Segment Start: DATA LISTING
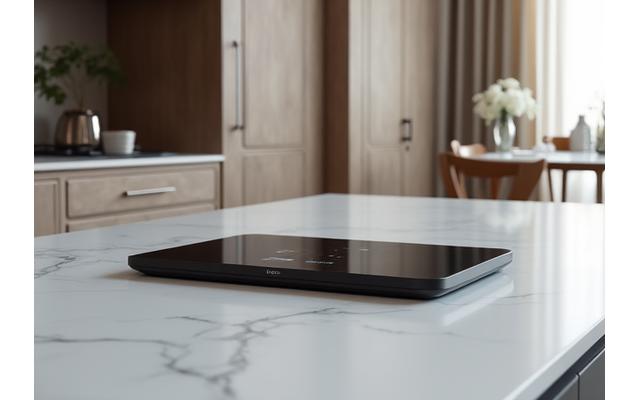 A sleek home automation hub and a premium tablet on a marble countertop in a modern luxury home
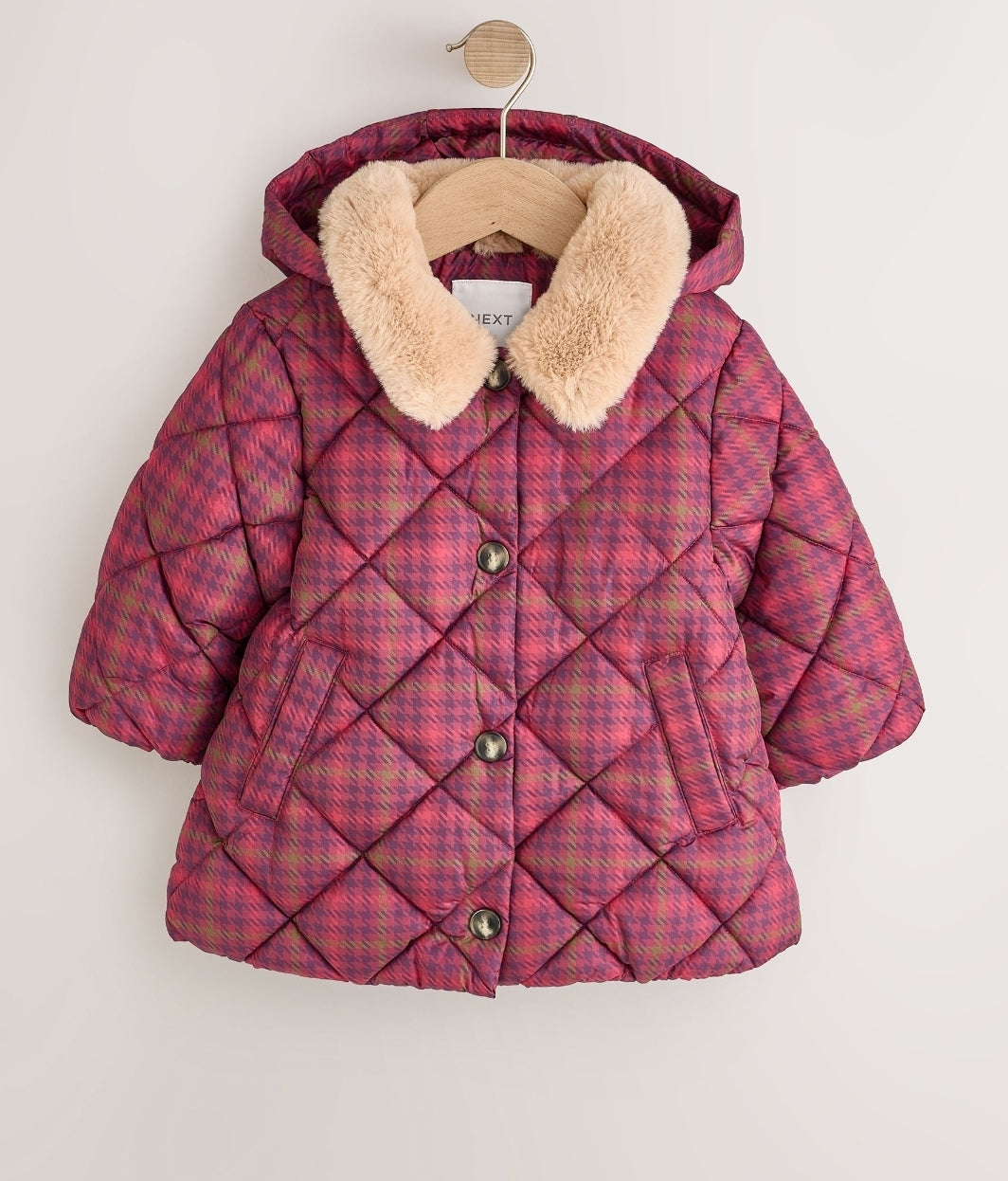 Burgundy Red Check Faux Fur Collar Shower Resistant Padded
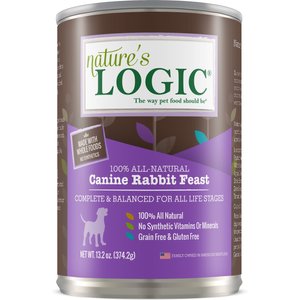 Nature's Logic Canine Rabbit Feast All Life Stages Grain-Free Canned Dog Food, 13.2-oz, case of 12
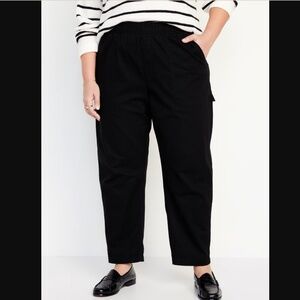 NWT Old Navy, XL Black, Cotton Cargo Pants, High-Waisted Pulla Utility Pants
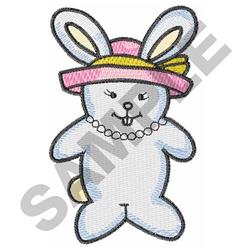 Playful cartoon bunny rabbit in a pink hat with yellow ribbon and pearl necklace, perfect for Easter.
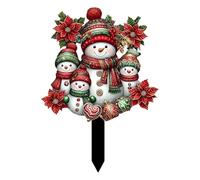 Piquets de jardin décoratifs, décorations de piquets de jardin de Noël - Bouchon de piquets de jardin en acrylique bonhomme de neige 2D - Outil décoratif extérieur peint à la main pour patio, pelouse,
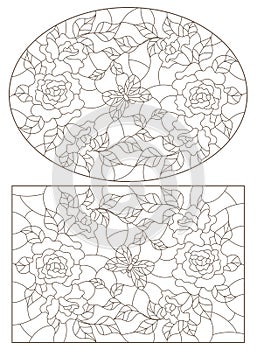 Contour set with  illustrations of stained glass Windows with roses  and butterflies , oval and rectangular image, dark contours o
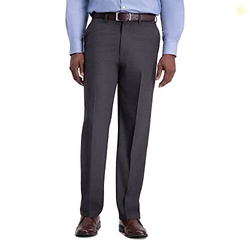 J.M. Haggar Men's Classic Fit Flat Front Solid Stretch Dress Pants, Ch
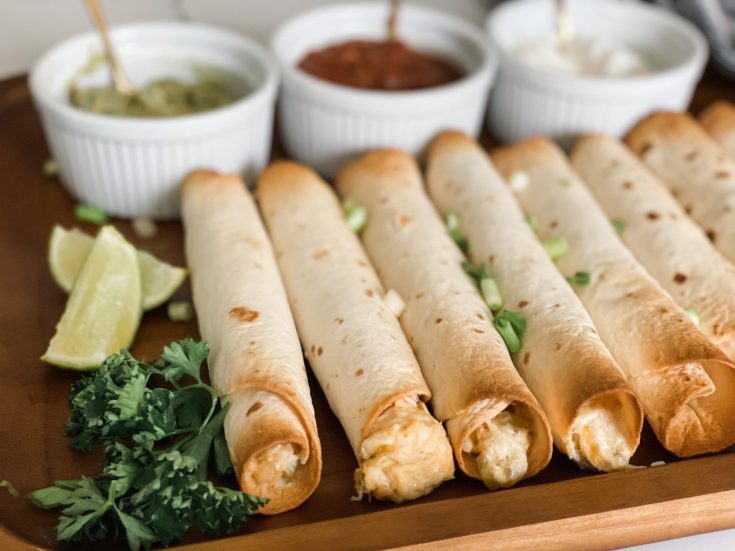 Easy Creamy Chicken Flautas (Baked or Air Fried)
Segment End: DATA LISTING
REQUIRED ACTION: Pictures are to be dropped, and the remaining data set down exactly.

OUTPUT:
 A sleek home automation hub and a premium tablet on a marble countertop in a modern luxury home
 Burgundy Red Check Faux Fur Collar Shower Resistant Padded
 Nature's Logic Canine Rabbit Feast All Life Stages Grain-Free Canned Dog Food, 13.2-oz, case of 12
 NWT Old Navy, XL Black, Cotton Cargo Pants, High-Waisted Pulla Utility Pants
 Playful cartoon bunny rabbit in a pink hat with yellow ribbon and pearl necklace, perfect for Easter.
 Piquets de jardin décoratifs, décorations de piquets de jardin de Noël - Bouchon de piquets de jardin en acrylique bonhomme de neige 2D - Outil décoratif extérieur peint à la main pour patio, pelouse,
 Contour set with  illustrations of stained glass Windows with roses  and butterflies , oval and rectangular image, dark contours o
 J.M. Haggar Men's Classic Fit Flat Front Solid Stretch Dress Pants, Ch
 Easy Creamy Chicken Flautas (Baked or Air Fried)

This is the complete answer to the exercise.